(RECORDS SUPPLIED Opens)

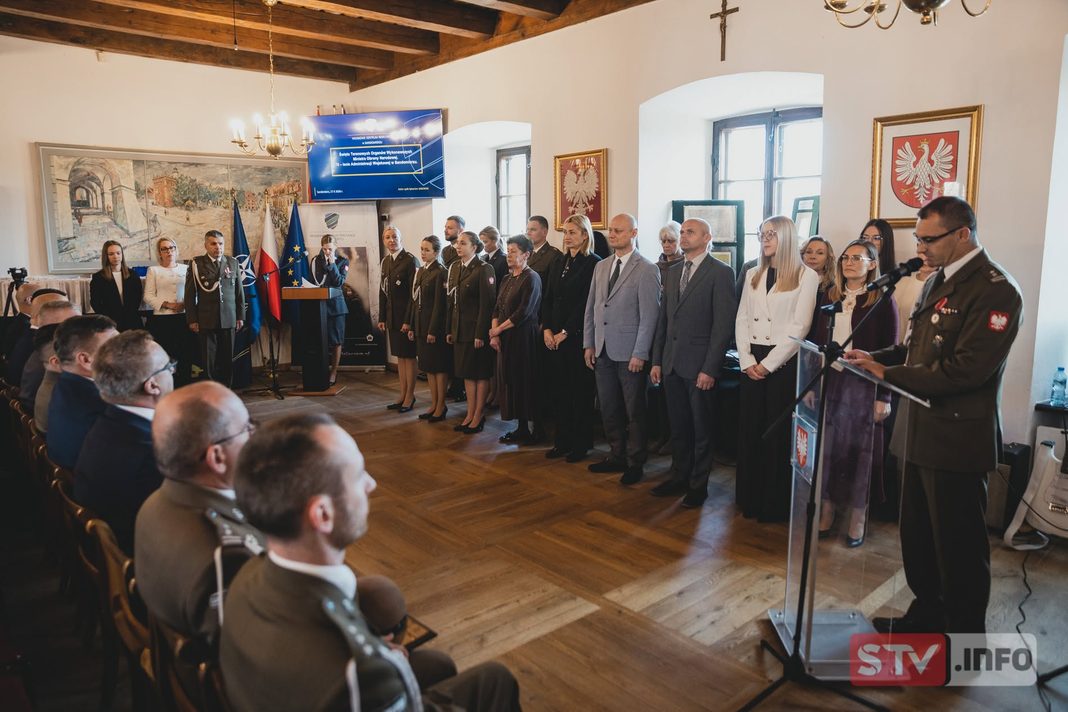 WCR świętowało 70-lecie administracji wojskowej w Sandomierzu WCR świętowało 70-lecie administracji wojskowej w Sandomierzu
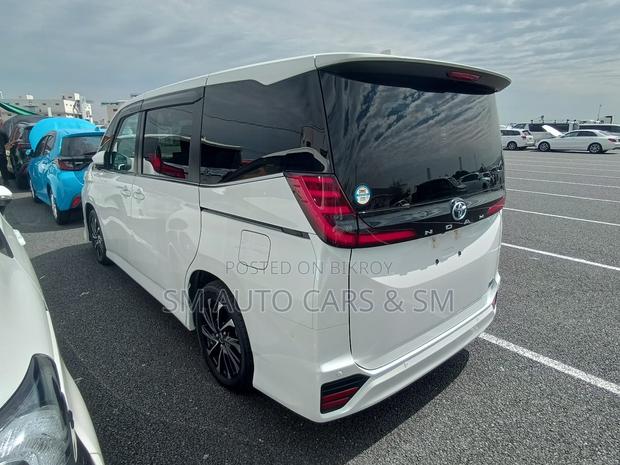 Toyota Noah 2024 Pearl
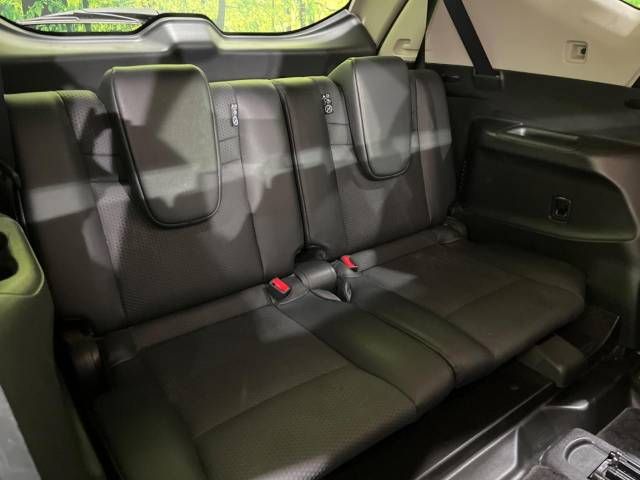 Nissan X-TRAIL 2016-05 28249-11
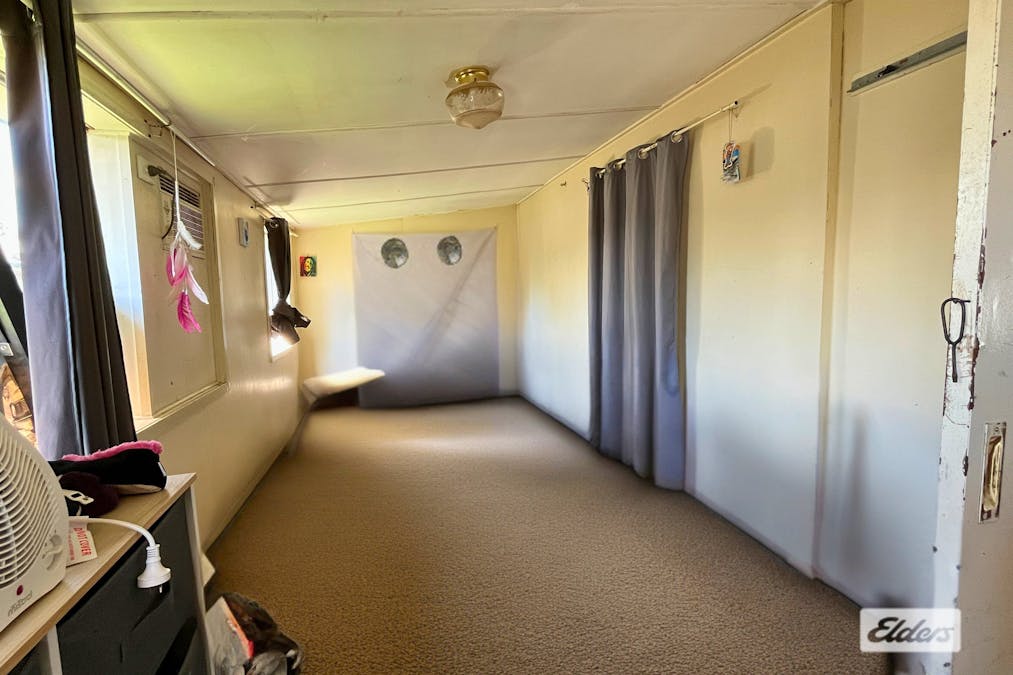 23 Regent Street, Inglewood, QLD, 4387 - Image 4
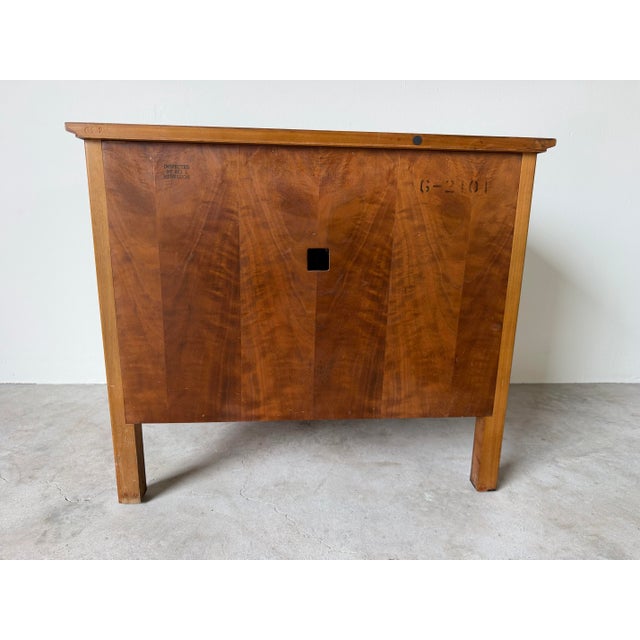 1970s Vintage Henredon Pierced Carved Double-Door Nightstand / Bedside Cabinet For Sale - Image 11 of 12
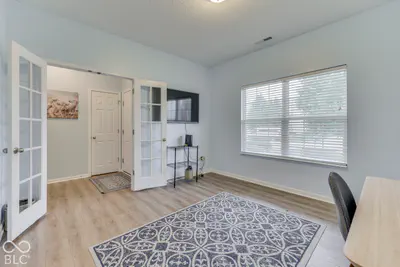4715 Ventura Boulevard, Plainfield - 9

(RECORDS SUPPLIED Closes)

TASK OBJECTIVE :: If a line falls between the one containing "23 Regent Street, Inglewood, QLD, 4387" and the last line of the entries above, both included, reproduce it exactly; leave the pictures out.

SOLUTION TO THIS TASK ::
 23 Regent Street, Inglewood, QLD, 4387 - Image 4
 1970s Vintage Henredon Pierced Carved Double-Door Nightstand / Bedside Cabinet For Sale - Image 11 of 12
4715 Ventura Boulevard, Plainfield - 9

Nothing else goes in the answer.